#### [WORK TO COMPLETE]
Among the entries below, the lines from the one with "This highlights three" up to and including the one with "Not to mention" are to be restated exactly, without pictures.

#### [SOURCE RECORDS]
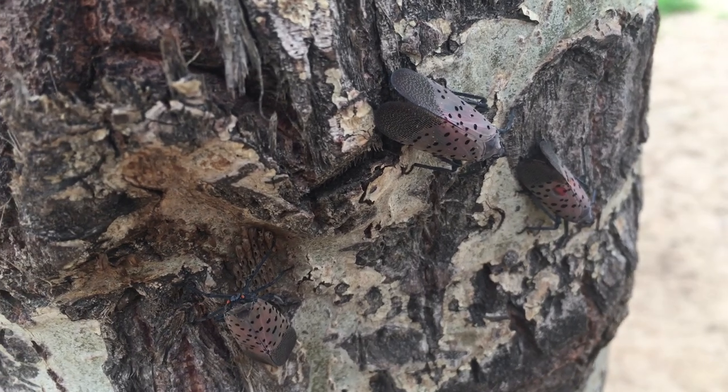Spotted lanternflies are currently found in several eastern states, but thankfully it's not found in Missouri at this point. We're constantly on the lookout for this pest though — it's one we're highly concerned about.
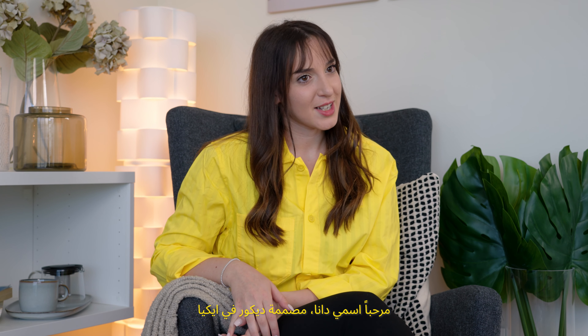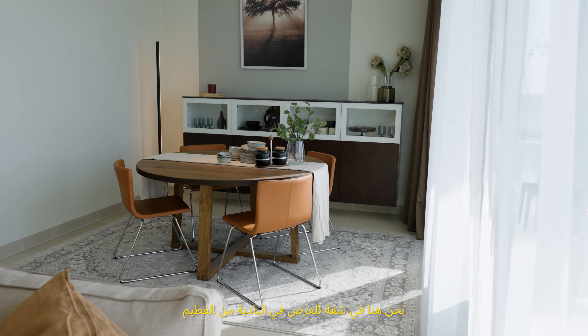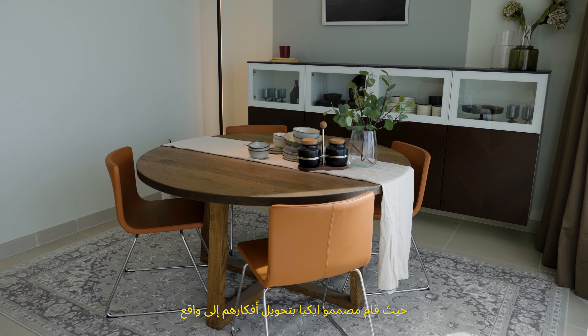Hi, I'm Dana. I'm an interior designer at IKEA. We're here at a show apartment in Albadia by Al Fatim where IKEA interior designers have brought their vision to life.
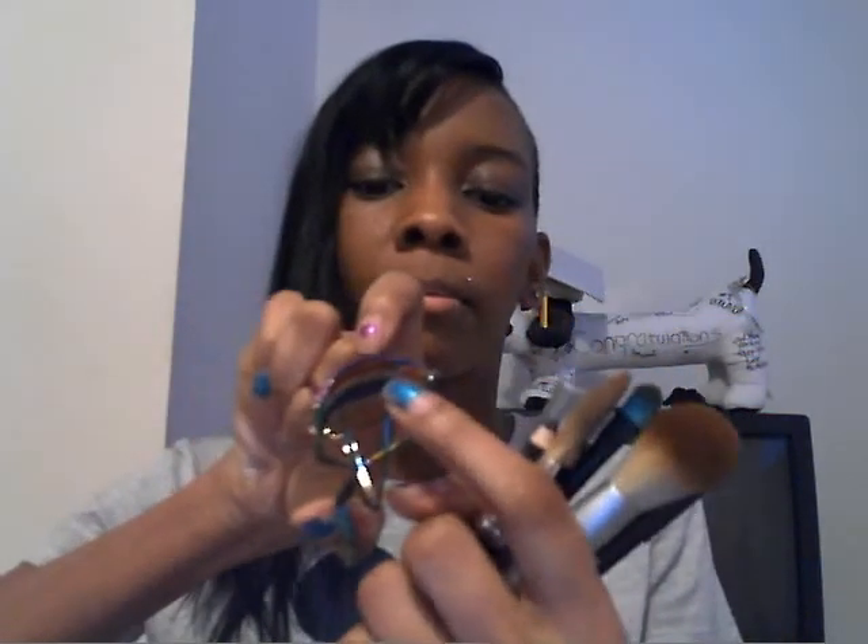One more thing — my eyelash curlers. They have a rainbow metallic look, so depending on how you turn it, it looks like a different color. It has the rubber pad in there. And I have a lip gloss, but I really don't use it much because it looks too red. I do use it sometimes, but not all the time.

* * *

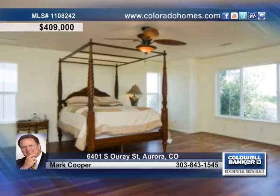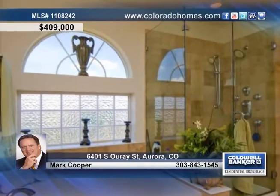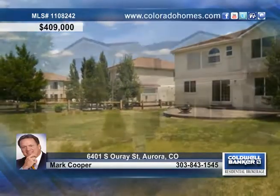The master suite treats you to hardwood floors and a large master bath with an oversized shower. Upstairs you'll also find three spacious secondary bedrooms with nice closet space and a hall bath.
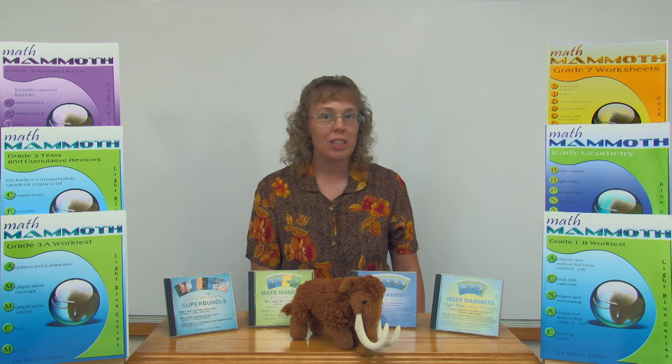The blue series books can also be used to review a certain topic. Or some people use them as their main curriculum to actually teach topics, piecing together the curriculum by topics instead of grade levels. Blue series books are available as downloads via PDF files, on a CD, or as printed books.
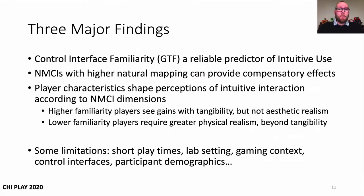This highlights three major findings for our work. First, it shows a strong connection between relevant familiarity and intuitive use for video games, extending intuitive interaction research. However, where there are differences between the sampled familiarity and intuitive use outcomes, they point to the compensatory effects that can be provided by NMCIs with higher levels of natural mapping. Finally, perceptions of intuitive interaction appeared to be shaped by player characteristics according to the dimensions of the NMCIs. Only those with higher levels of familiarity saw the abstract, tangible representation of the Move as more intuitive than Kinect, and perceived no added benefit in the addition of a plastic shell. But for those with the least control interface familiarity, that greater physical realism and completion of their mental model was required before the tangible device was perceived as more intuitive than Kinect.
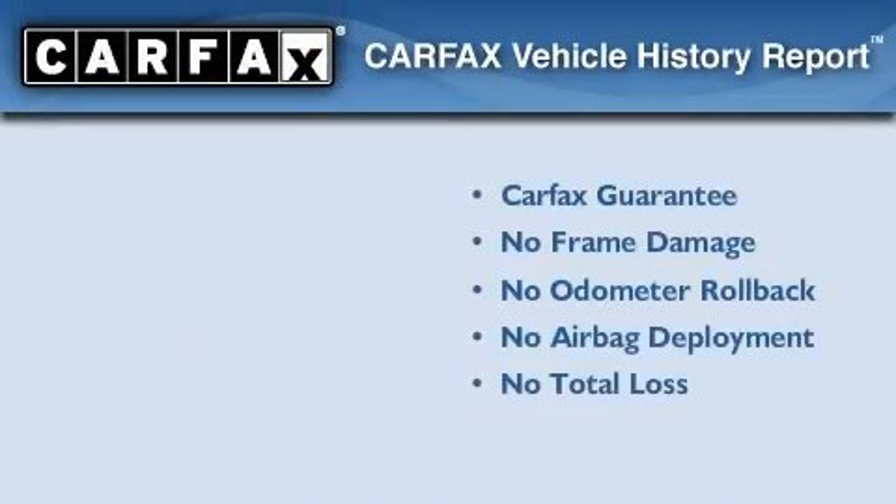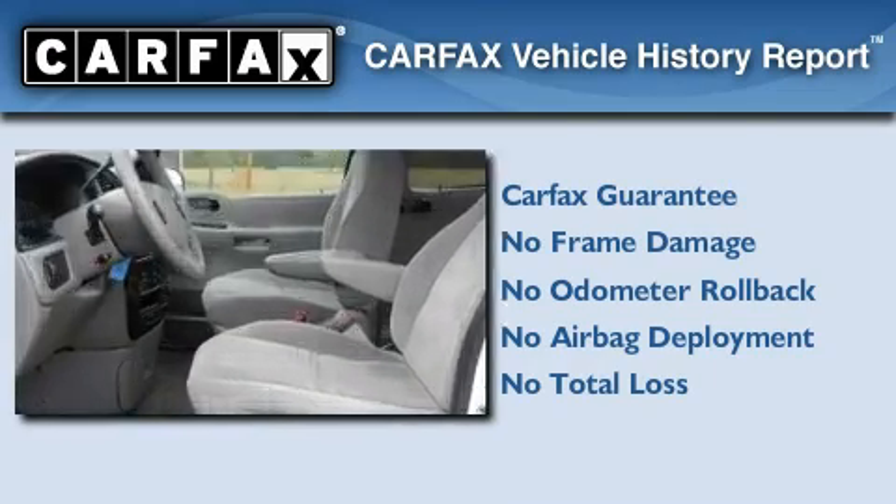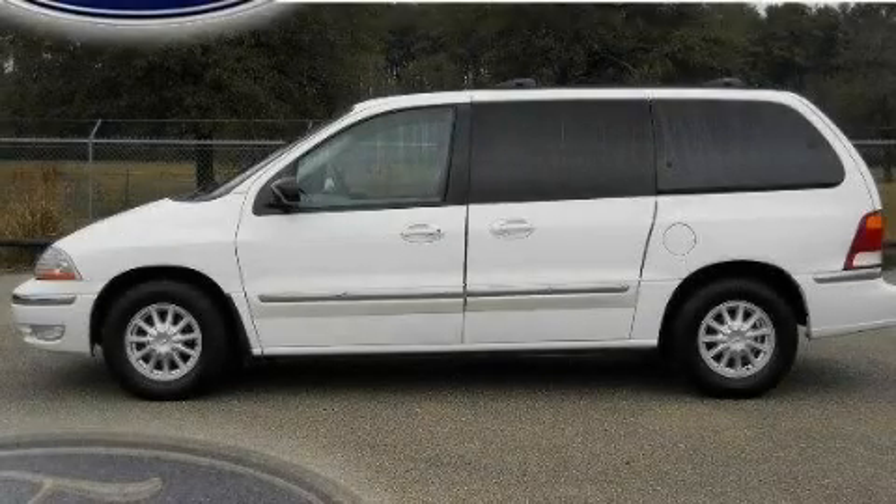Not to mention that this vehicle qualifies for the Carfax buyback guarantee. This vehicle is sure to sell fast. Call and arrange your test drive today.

---

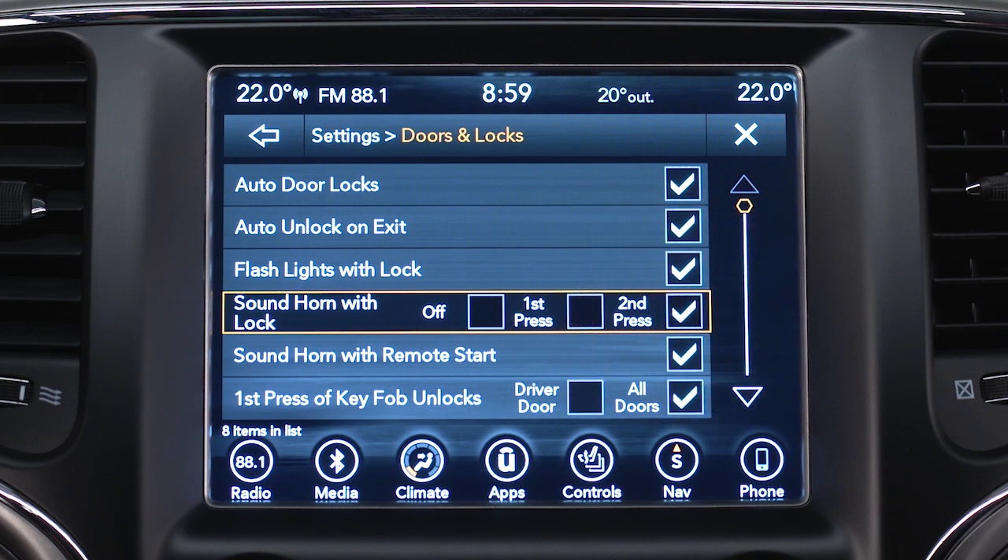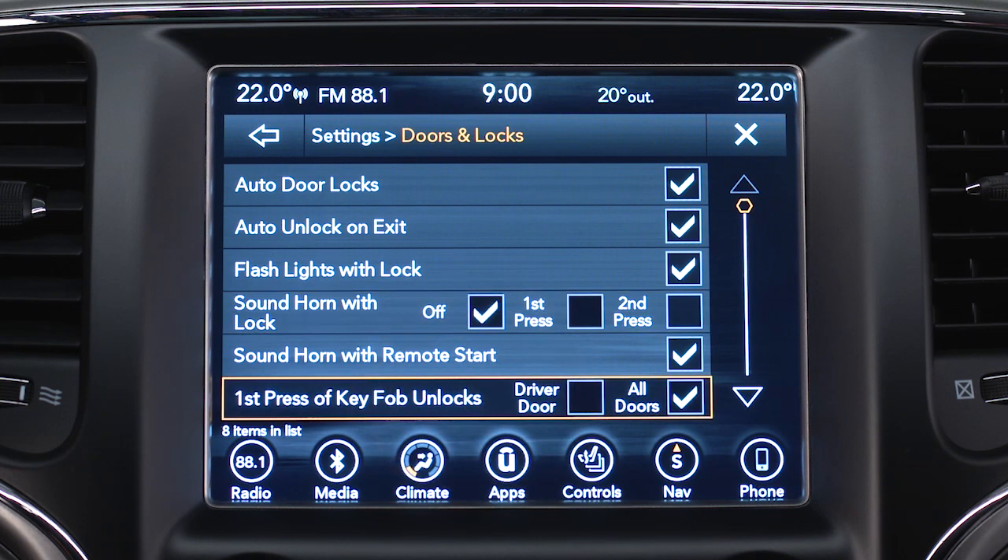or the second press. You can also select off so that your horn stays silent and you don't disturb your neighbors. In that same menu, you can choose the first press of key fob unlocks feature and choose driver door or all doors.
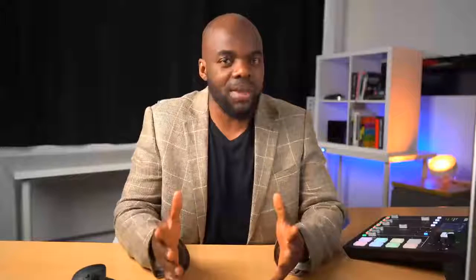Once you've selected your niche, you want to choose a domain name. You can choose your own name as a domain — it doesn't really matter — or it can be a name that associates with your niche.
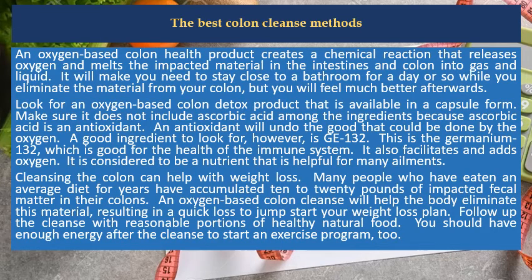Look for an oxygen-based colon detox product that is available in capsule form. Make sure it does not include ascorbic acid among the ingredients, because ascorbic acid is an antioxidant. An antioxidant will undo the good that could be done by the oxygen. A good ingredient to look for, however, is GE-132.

#### [RESPONSE TO THE TASK]
This highlights three major findings for our work. First, it shows a strong connection between relevant familiarity and intuitive use for video games, extending intuitive interaction research. However, where there are differences between the sampled familiarity and intuitive use outcomes, they point to the compensatory effects that can be provided by NMCIs with higher levels of natural mapping. Finally, perceptions of intuitive interaction appeared to be shaped by player characteristics according to the dimensions of the NMCIs. Only those with higher levels of familiarity saw the abstract, tangible representation of the Move as more intuitive than Kinect, and perceived no added benefit in the addition of a plastic shell. But for those with the least control interface familiarity, that greater physical realism and completion of their mental model was required before the tangible device was perceived as more intuitive than Kinect.
Not to mention that this vehicle qualifies for the Carfax buyback guarantee. This vehicle is sure to sell fast. Call and arrange your test drive today.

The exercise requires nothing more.